Delores Rogers was there. She took the cigarette from his mouth and stubbed it out. “These things will kill you. Besides that, there’s a Burn Ban in effect. That includes smoking outdoors.”
“Oh. Forgot.”
“They don’t smell it because they’re kind of use to it,” Delores said.
“What do you mean?”
“I suppose we are talking about Smith’s neighbors, right?”
“Right,” Bigham agreed.
“Maybe in the back of their minds they know something is there. That it’s something very, how shall we say, not right. It’s there when they go out to their cars in the morning to go to work. Maybe they think ‘It’s coming up from the ground’ or ‘It’s those trashcans across the way.’ Something like that. Or maybe they’re afraid to know what they know. Like the neighbors must have known near Buchenwald or Auschwitz.”

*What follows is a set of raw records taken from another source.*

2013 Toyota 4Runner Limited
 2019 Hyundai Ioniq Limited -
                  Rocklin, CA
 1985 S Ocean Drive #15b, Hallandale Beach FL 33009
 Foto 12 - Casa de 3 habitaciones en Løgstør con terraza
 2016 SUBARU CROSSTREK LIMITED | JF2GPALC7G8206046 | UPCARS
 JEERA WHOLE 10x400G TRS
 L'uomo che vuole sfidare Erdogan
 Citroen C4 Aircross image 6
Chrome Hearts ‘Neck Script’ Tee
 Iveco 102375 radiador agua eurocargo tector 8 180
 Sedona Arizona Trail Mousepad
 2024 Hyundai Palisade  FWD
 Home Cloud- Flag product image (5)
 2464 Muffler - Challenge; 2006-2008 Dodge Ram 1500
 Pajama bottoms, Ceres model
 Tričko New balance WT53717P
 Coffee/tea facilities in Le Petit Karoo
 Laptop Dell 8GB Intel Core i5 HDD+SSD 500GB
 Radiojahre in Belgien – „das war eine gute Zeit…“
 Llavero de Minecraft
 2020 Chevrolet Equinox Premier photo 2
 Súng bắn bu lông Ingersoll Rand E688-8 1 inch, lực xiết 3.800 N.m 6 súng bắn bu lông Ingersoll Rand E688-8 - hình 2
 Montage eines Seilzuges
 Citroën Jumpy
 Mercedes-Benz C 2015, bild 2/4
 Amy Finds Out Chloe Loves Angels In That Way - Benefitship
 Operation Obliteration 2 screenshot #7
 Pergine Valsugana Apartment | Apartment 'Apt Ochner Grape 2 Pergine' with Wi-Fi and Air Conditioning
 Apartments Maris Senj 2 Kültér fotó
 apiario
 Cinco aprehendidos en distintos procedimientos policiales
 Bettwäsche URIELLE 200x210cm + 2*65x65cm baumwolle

“That’s a pretty bleak look, don’t you think?” Ralph said.
“Well, you asked,” Delores said. “But I’ll tell you what. What gets me is that girl kissing him. Letting him feel her up and everything. Like she said, she knew there was some smell there. Something ‘underneath’, she said. She just didn’t know what it was, though.”
“Underneath,” Ralph said. “Yeah. That fits.
The two lapsed into silence for a moment.
“By the way, dogs do it,” Ralph said.
“Do what?”
“They do what Lonnie Smith did. They find a carcass like that, then they play with it and roll around in it and get the dead smell all over them. I never figured that one out satisfactorily for myself. Why dogs do it, that is.”
“Dogs don’t do that!” Delores said.
“You have never lived in the country,” Ralph said.
Delores paused for a moment.
“True,” she admitted.
“But I think I know why,” Ralph continued. “It’s only a theory, and in this instance it only applies to the dogs.”
“I’m dying for you to tell me,” Delores said.
“I am willing to bet that Necrotizing fasciitis bacteria is nature’s only true and effective flea and tick treatment.”
Delores raised her eyebrows. “Ahh. I get it. But what about Smith? Why would he act like a dog? And why the hell didn’t his flesh start rotting?”
Ralph shook his head. “Since we’re having him held at the hospital pending a full toxicology report, I will guess that he’ll be found to be a carrier. And, by definition, carriers are immune. Classic Typhoid Mary syndrome.”
“Fleas and ticks,” Delores said, and shivered.